Маршал Саксонский велел отвезти его повозку на холм, с вершины которого он мог управлять битвой. Его поразительная интуиция, помогавшая ему в каждый момент боя разгадывать намерения противника, помогла ему и сейчас: он сразу понял смысл маневра Камберленда.
– Введите в бой всю артиллерию! – закричал он изо всех сил.
Пятнадцать связных офицеров в ту же секунду бросились передавать его приказ. Из-под копыт лошадей полетели клочья земли, которые засыпали Фанфана, с трепетом ловившего каждое слово военачальника.
Неподалеку, на небольшом бугорке, окруженные своими главными помощниками, король и дофин, верхом, наблюдали в зрительную трубу за тем, как разворачивается начало гигантского сражения.
Эхо Фландрии подхватило раскаты залпов всей французской артиллерии сразу. Артиллеристы, как на параде, непрерывно заряжали пушки, заталкивая в них заряды. Стрелки зажигали фитили, и как только пушки выпускали ядра, их тут же заряжали снова. Офицеры корректировали наводку. Все действовали слаженно и точно, как настоящие мастера. Одна из батарей полка Мэзон дю Руа, отлично наведенная, проделала кровавые прорехи в ганноверском полку англичан. В их рядах началось смятение. Камберленд, наблюдавший за ходом операции, заметил опустошения, произведенные французскими пушками. Выкрикивая приказ за приказом, он ругался и богохульствовал как одержимый. Сразу же два галльских батальона пришли на помощь ганноверцам, но и они понесли большие потери от артиллерийского залпа, пригвоздившего их к месту. Тогда князь Вальдек бросил на поле сражения эскадрон улан, но новые ряды скошенных ядрами людей и лошадей легли на землю. В этой бойне уцелело всего полтора десятка человек.

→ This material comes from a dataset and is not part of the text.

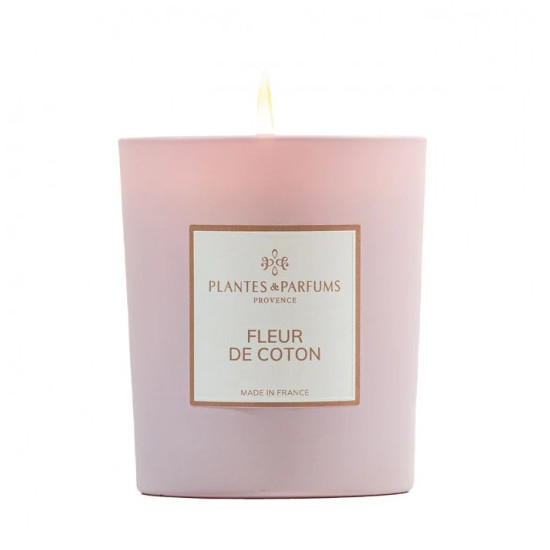 Bougie parfumee fleur de coton 180g de Plantes & Parfums dans Bougie parfumée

Трижды голландцы шли в атаку на деревню Антуан и трижды вынуждены были отступить. Англичане не смогли продвинуться. В деревне Фонтенуа жители дважды видели, как они совсем близко подходили к домам, но ужасающий артиллерийский огонь безжалостно отбрасывал их назад, и они отступали, покрытые ранами.

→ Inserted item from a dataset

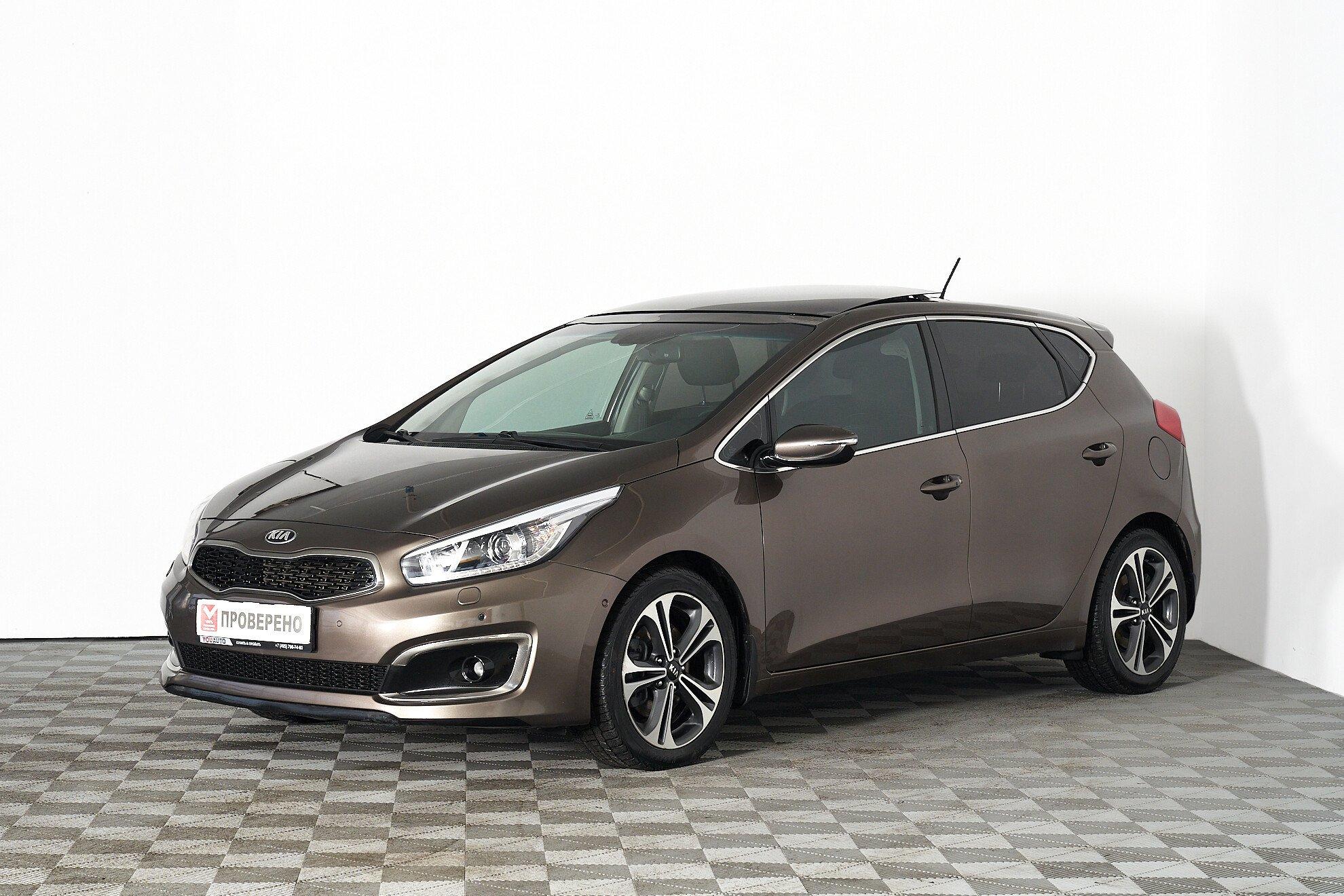 Kia Ceed 2017, коричневый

Ситуация складывалась для Британской империи неудачно. Морис Саксонский, которого болезнь держала прикованным к подушкам, преодолевая боль, улыбался, сидя в своем возке. Потом он приказал везти его к старому маршалу де Ноай, который сначала был его начальником, а потом сам попросил разрешения участвовать в боях под его командованием и показал образец дисциплины и беспрекословного повиновения.
Камберленд задыхался от ярости. Люрбек, находившийся с ним рядом, тоже чувствовал себя скверно. Вдруг появился Кенигсмарк, раненный в лоб. В мозгу австрийца зародилась новая идея, и он умолял англичан ее осуществить. Речь шла о дерзком маневре – соединиться с английской и немецкой пехотой, поддержать ее мобильной артиллерией и направить мощный удар на центр французских войск, находящийся между лесом Барри и деревней Фонтенуа. И уж если вся эта масса, созданная из лучших войск обоих королевств и построенная углом, который ударит по французам, не сможет углубиться в расположение противника, тогда останется только примириться с мыслью об отступлении.
Камберленд ворчал, но согласился. Люрбек галопом на своем померанском скакуне отправился к своим гренадерам. Началась операция по соединению войск. Ганноверские канониры уже толкали вперед свои орудия по вспаханной копытами земле. Слышались восклицания «а-ах!», сопровождавшие огромные физические усилия артиллеристов. И короткие приказы заряжать орудия прошли по рядам знаменитого соединения.
Маршал Саксонский, однако, скоро заметил, что, несмотря на шквальный огонь его артиллерии, огромный таран, состоящий наполовину из обреченных на гибель людей, может пробить себе дорогу к центру его армии. И в самом деле, все новые войска двигались на французов, заполняя пустоты, образованные обстрелом. Глухое бешенство наполняло души вражеских солдат… Они утратили чувство страха: ими руководила одна мысль – преодолеть барьер и подавить огонь, преследовавший их с самого начала боя.
Особенно ожесточенно дрались шотландцы, видно было, что они твердо решили не отступать ни на пядь. Ротные командиры, как на параде, шли перед своими ротами с непоколебимым спокойствием. Казалось, они направляли выстрелы солдат с такой же безмятежностью, с какой принимали бы участие в охоте на диких птиц в своих высокогорных долинах. Их мускулистые ноги твердо шагали в развевающихся складках клетчатых «килтов»; грубые обветренные лица были искажены злобным оскалом, их глаза смотрели только вперед, на маленькую деревню, которую надо было взять любой ценой.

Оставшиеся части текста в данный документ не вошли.